### Work item
Write out the line with "Fork seals with dust caps for" and every later line through the end of the data below, exactly as given, with no pictures in the copy.

════

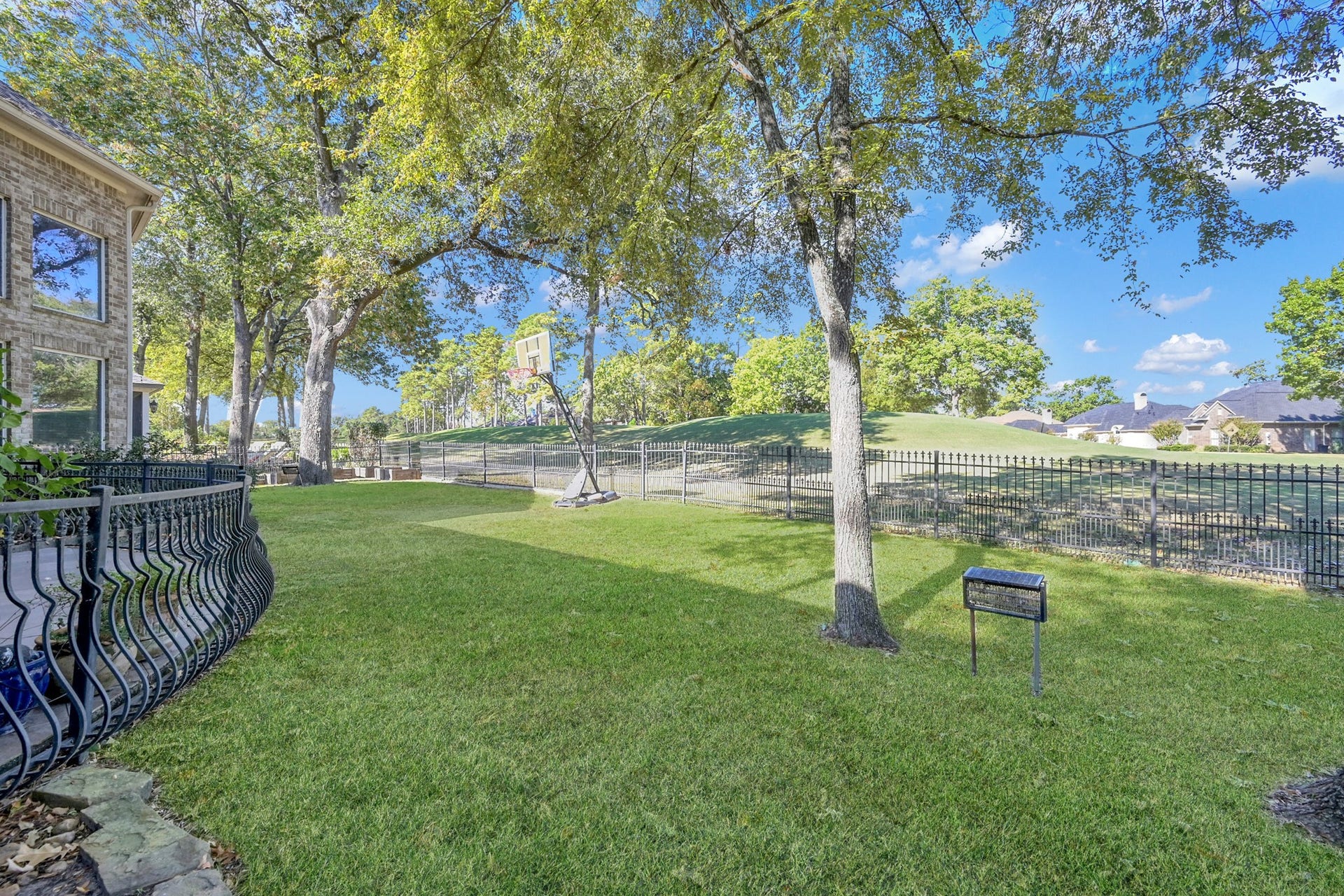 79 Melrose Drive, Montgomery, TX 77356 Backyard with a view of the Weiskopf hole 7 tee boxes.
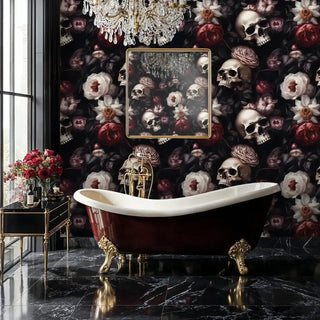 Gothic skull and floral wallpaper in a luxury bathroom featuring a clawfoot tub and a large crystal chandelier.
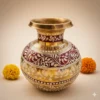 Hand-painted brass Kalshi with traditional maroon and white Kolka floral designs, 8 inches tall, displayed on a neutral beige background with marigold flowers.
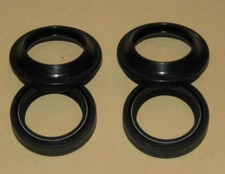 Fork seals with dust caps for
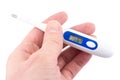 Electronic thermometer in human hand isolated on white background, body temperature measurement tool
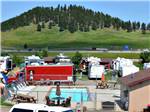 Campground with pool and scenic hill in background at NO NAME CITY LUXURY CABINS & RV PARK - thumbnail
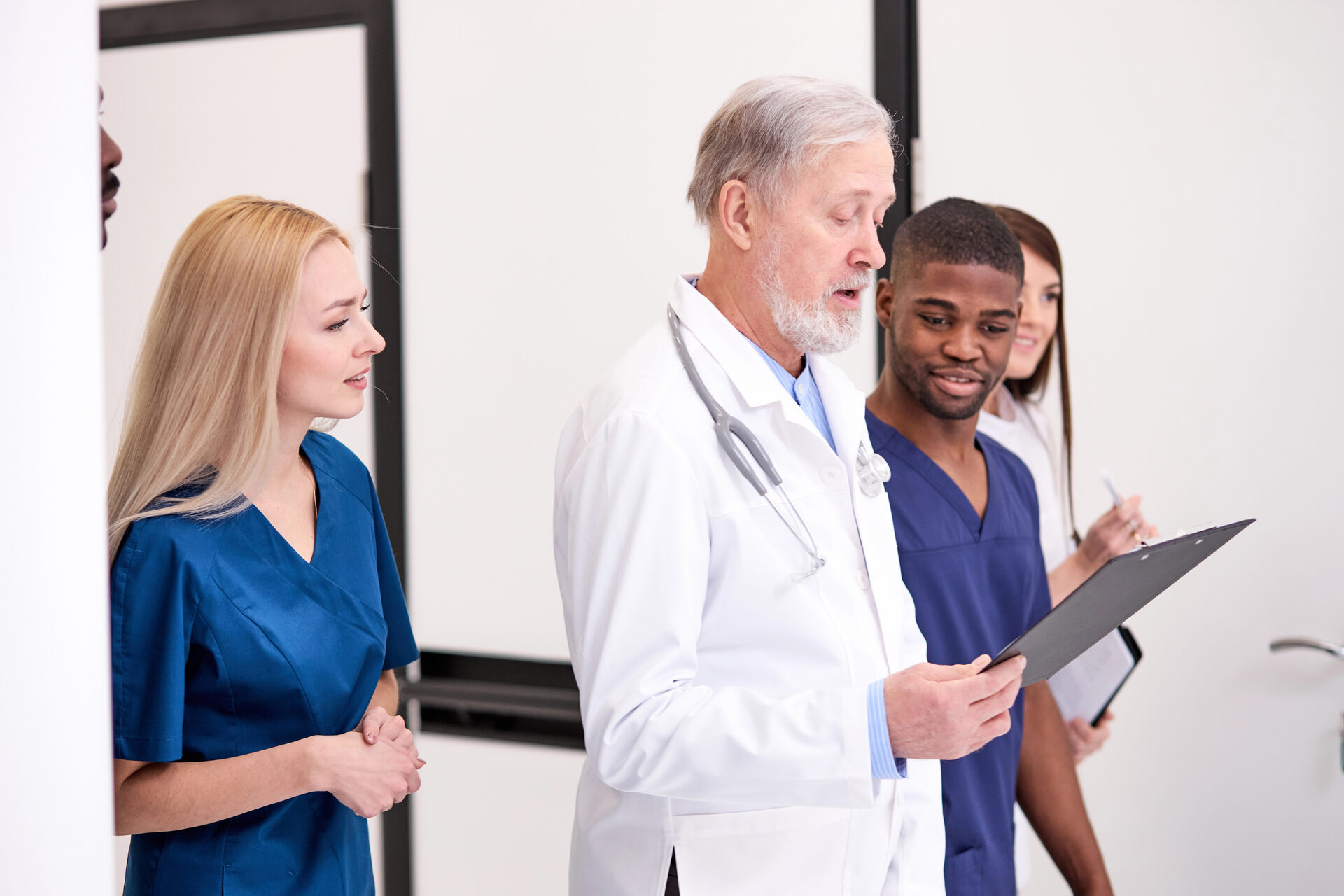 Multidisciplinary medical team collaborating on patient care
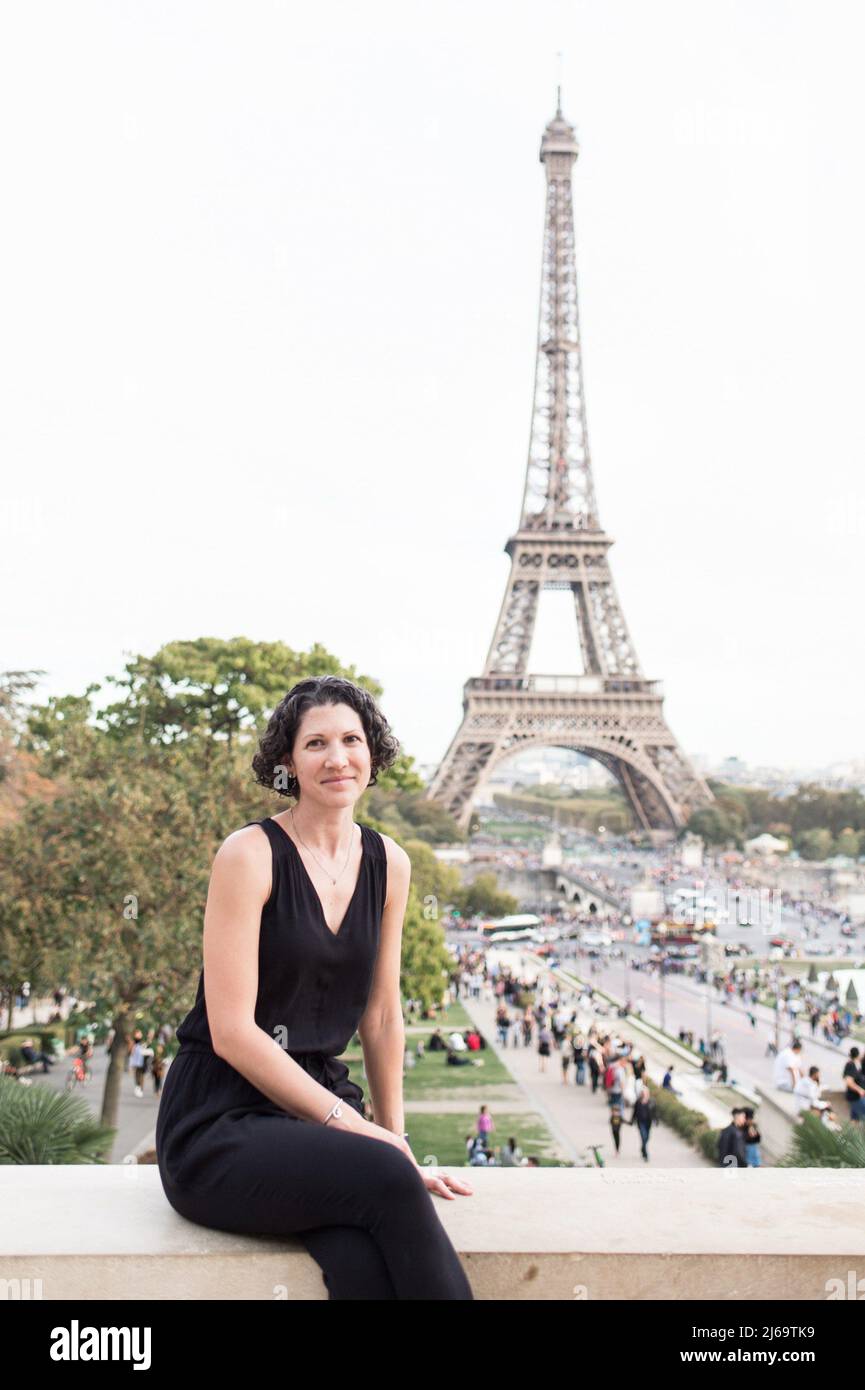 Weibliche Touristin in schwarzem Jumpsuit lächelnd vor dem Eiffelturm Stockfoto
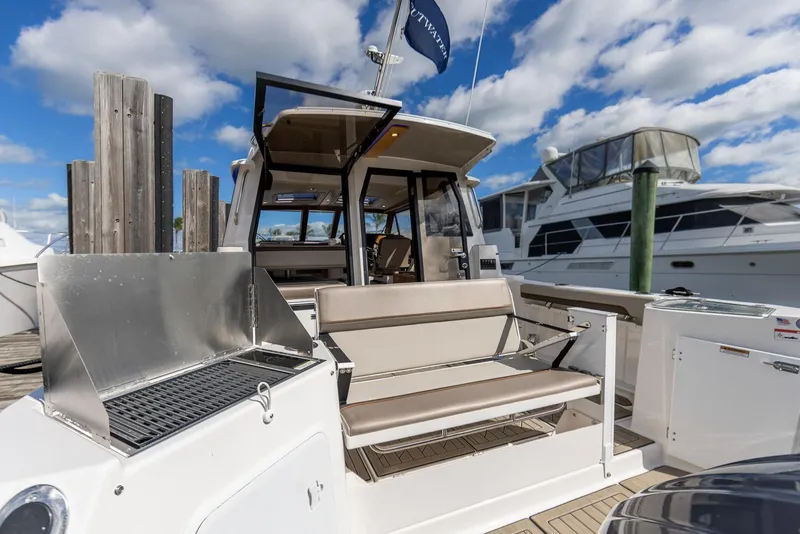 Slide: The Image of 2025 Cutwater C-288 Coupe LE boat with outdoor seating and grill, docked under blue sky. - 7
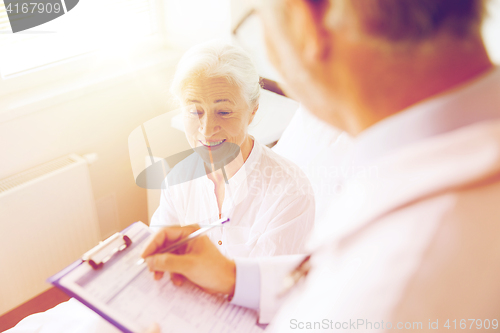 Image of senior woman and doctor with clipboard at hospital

════

### Solved exercise
 Fork seals with dust caps for
 Electronic thermometer in human hand isolated on white background, body temperature measurement tool
 Campground with pool and scenic hill in background at NO NAME CITY LUXURY CABINS & RV PARK - thumbnail
 Multidisciplinary medical team collaborating on patient care
 Weibliche Touristin in schwarzem Jumpsuit lächelnd vor dem Eiffelturm Stockfoto
 Slide: The Image of 2025 Cutwater C-288 Coupe LE boat with outdoor seating and grill, docked under blue sky. - 7
 Image of senior woman and doctor with clipboard at hospital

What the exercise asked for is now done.